I had known of this book since it was new on shelves in the 1980s, but my discouraging experience of the author’s Xanth series had put me off his work altogether. As time passed, my curiosity about the Tarot books increased, but they became scarcer. Finally stumbling across a cheap battered copy recently, I went ahead and read this first of the three books in this series. The author’s front matter is very clear that the “trilogy” is really a single work divided into three volumes for convenience of production and sales, and the text bears that out. There is nothing like a resolution of the larger plot at the conclusion of the book. God of Tarot was good enough that I went ahead and ordered an inexpensive copy of Vision of Tarot directly after finishing it, so that I wouldn’t lose the thread of the story. But it was just bad enough that I had genuine reason to worry that I would lose that thread.

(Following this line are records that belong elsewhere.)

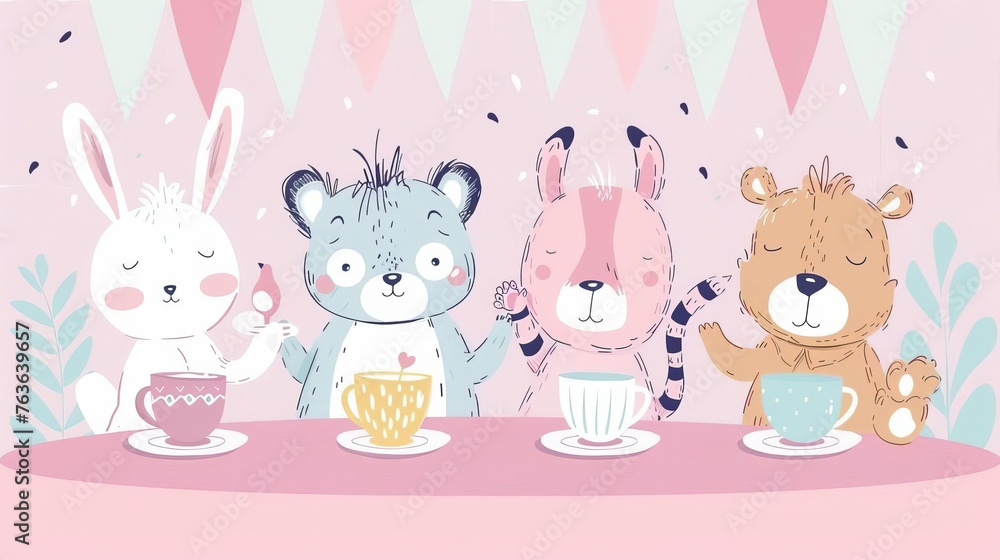 Whimsical Cartoon Animals Having a Tea Party, Cute Anthropomorphic Characters, Pastel Colors, Digital Illustration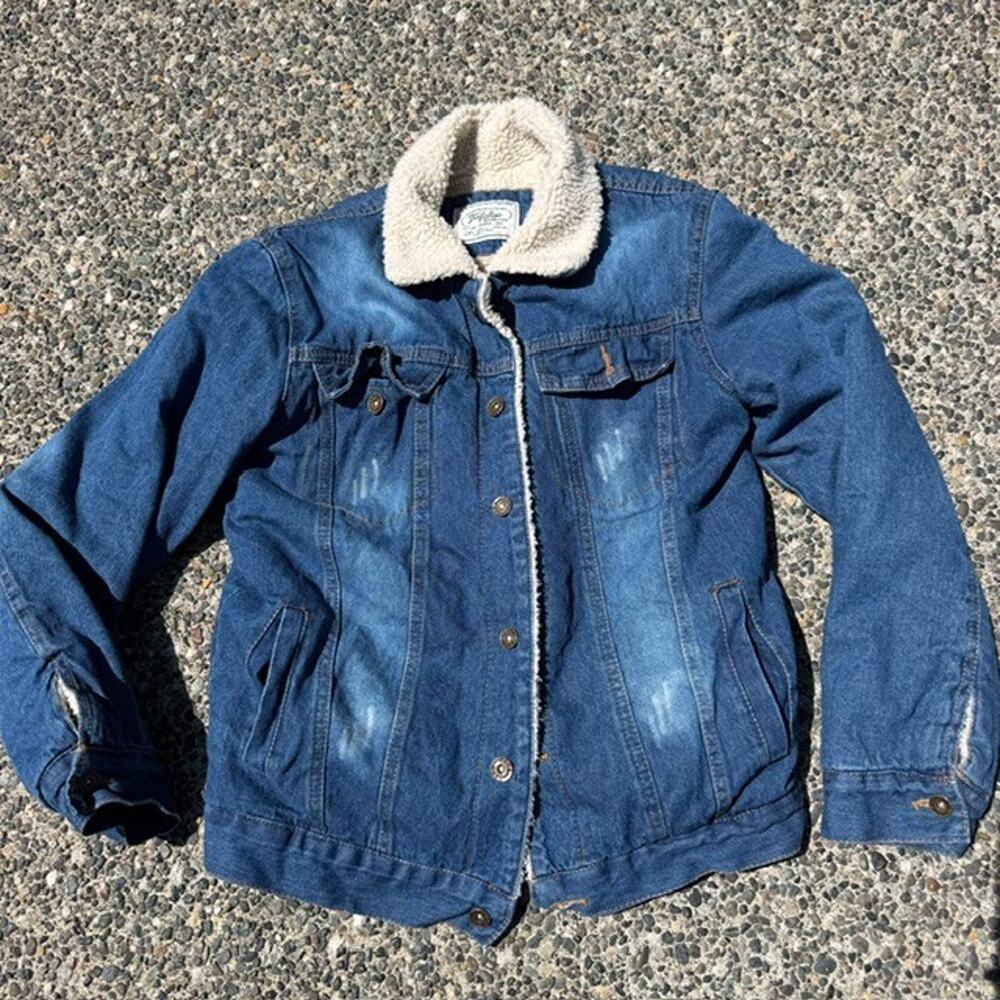 Zara Trafaluc Sherpa Lined Blue Denim Womens Trucker Jacket Size L Distressed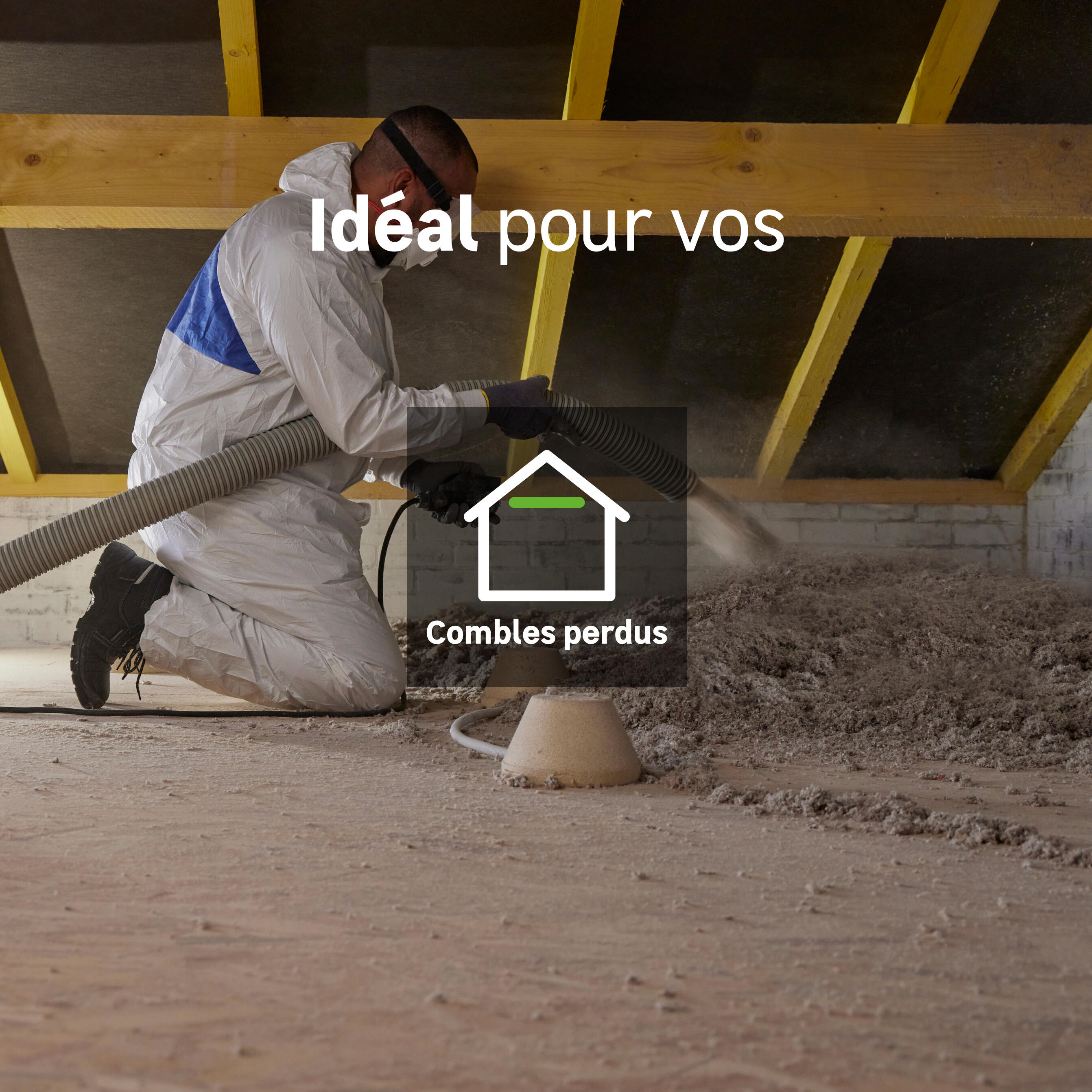 Rouleau laine de verre combles perdus ISOVER Ibr040 kraft, Ep.400mm, 2x1.2m, R10 - 2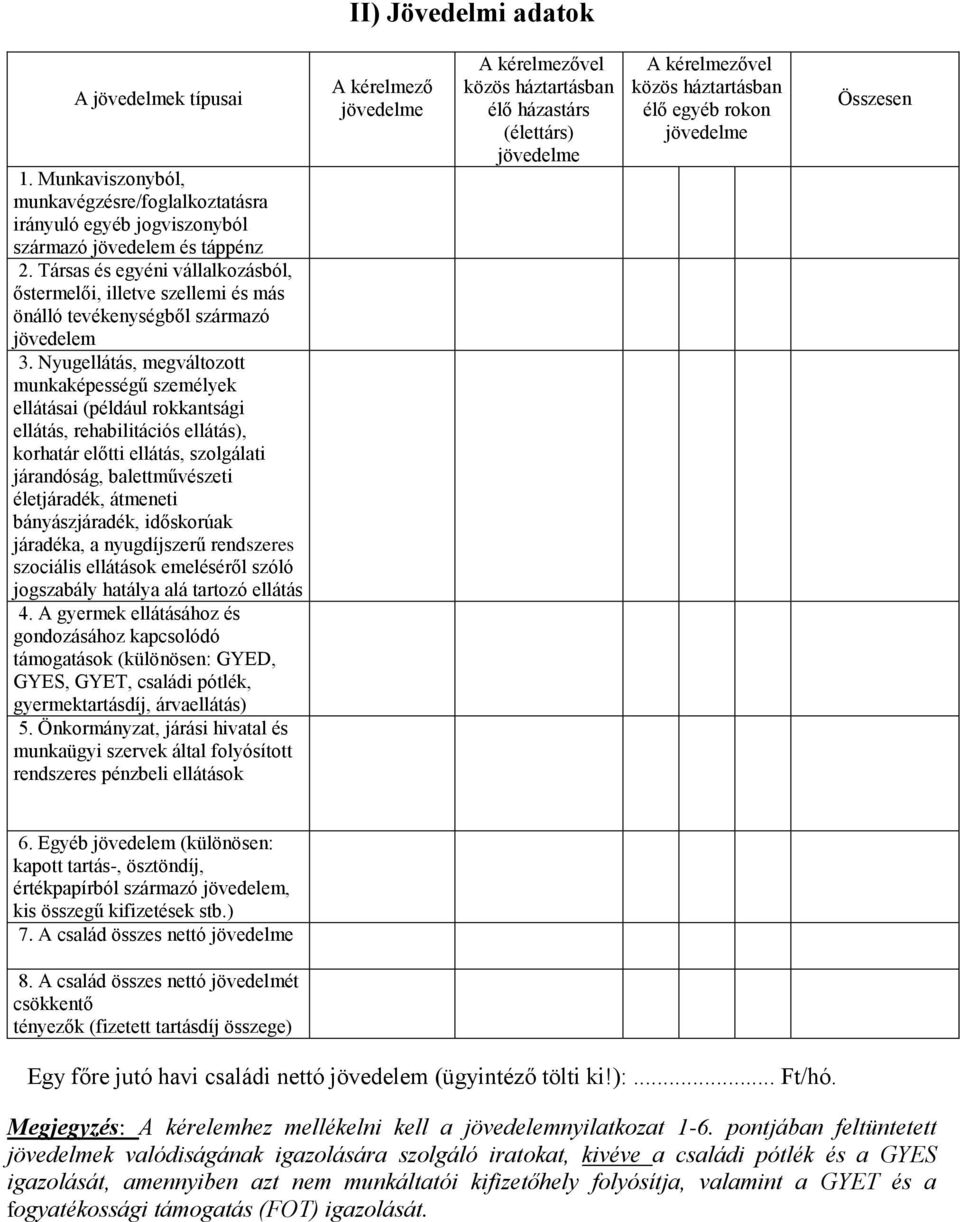 Nyugellátás, megváltozott munkaképességű személyek ellátásai (például rokkantsági ellátás, rehabilitációs ellátás), korhatár előtti ellátás, szolgálati járandóság, balettművészeti életjáradék,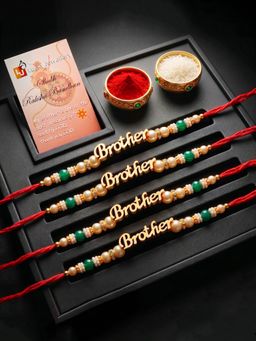 LUCKY JEWELLERY - Gold Brother Text Rakhi Green Beads with Roli Chawal and Card (Pack of 4)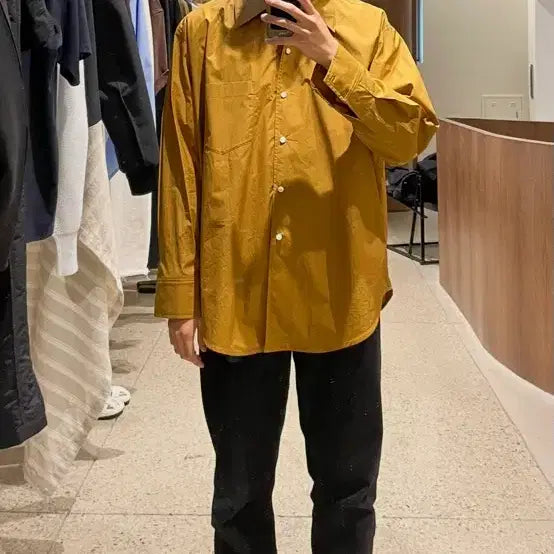[BUNJANG] RECTO Oversized Cotton Shirt Camel S / RECTO 렉토 오버사이즈 코튼 셔츠 카멜 S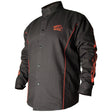 Black Stallion BX9C-5XL BSX Contoured Flame Resistant Cotton Welding Jacket, Black w/Red Flames, 5XL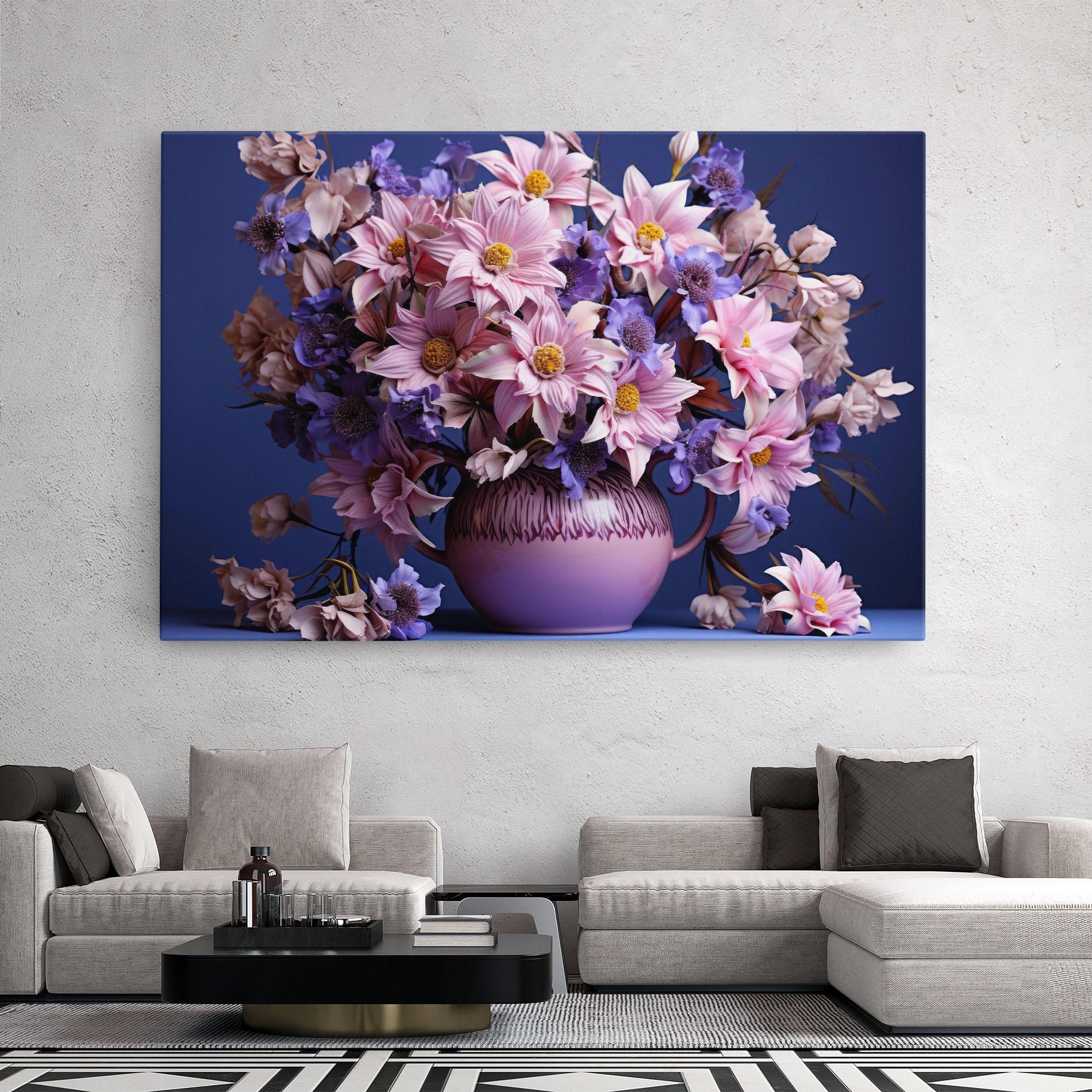 Tablou Canvas Purple Vase Flowers mockup 2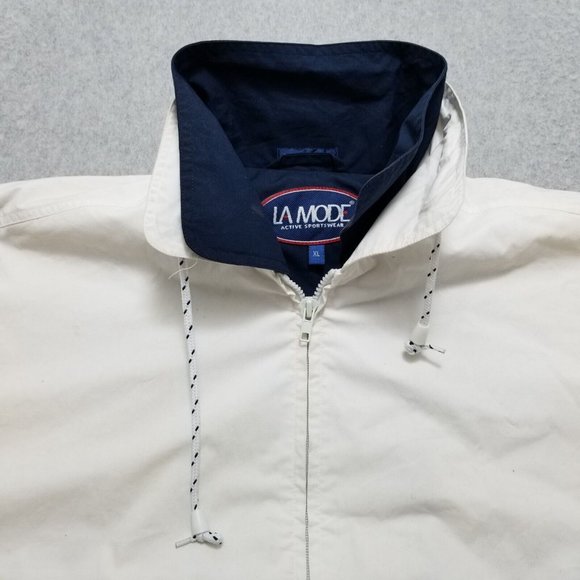 La Mode Jacket Mens XL White Long Sleeve Full Zip Pockets‎ Windbreaker - Picture 3 of 11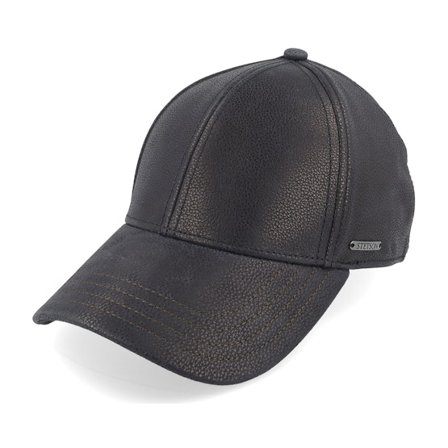 Stetson - Baseball Cap Chevrette Cowhide Black Earflap Fitted Fitted Black Cap - @ Hatstore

The protagonist Brother Paul is an adherent of the Holy Order of Vision, a religious body on a future Earth that has been depopulated and energy-rationed into pre-industrial levels of technology, while most of humanity has departed into exoplanetary colonization efforts. He is very explicitly an octaroon identifiable as “black” to his colleagues, a point of occasional relevance to the plot. It is not reflected in Rowena Morrill’s cover art, which otherwise accurately shows a scene from chapter 7 of the book, with Paul confronting a dragon who represents Temptation.
The general plot concerns Paul’s investigation of strange phenomena on the colonized planet Tarot. The planet’s “animation zone,” in which thought-forms take on physical reality, seems to be Anthony’s science-fictional conceit for what occultists would call the astral plane. As he explores it, he encounters simulations of significant historical patrons, designers, and commenters on the Tarot, including Filippo Maria Visconti, Arthur Edward Waite, and Aleister Crowley. Anthony gets Waite’s diction just right, to the point where I suspected him of simply cribbing from Waite’s work for some of the dialogue. Crowley is not quite as spot-on, and is given misogyny as a disproportionate keynote of his character. Still, it is Crowley who becomes Paul’s principal guide in the animation zone.
The final section of the book is occasioned by Paul’s effort to know his True Will, as goaded by Crowley. The upshot is that he recovers a Phildickian, proto-cyberpunk sort of tale from his previously inaccessible memories of his life before joining the Holy Order of Vision. Thus the very end of the book takes place in narrative chronology before the beginning, and the reconnection of that knowledge to Paul’s dilemma on Tarot is left for later volumes. It seems that I will need to read further before reaching any real opinion on the merits of the work as a whole.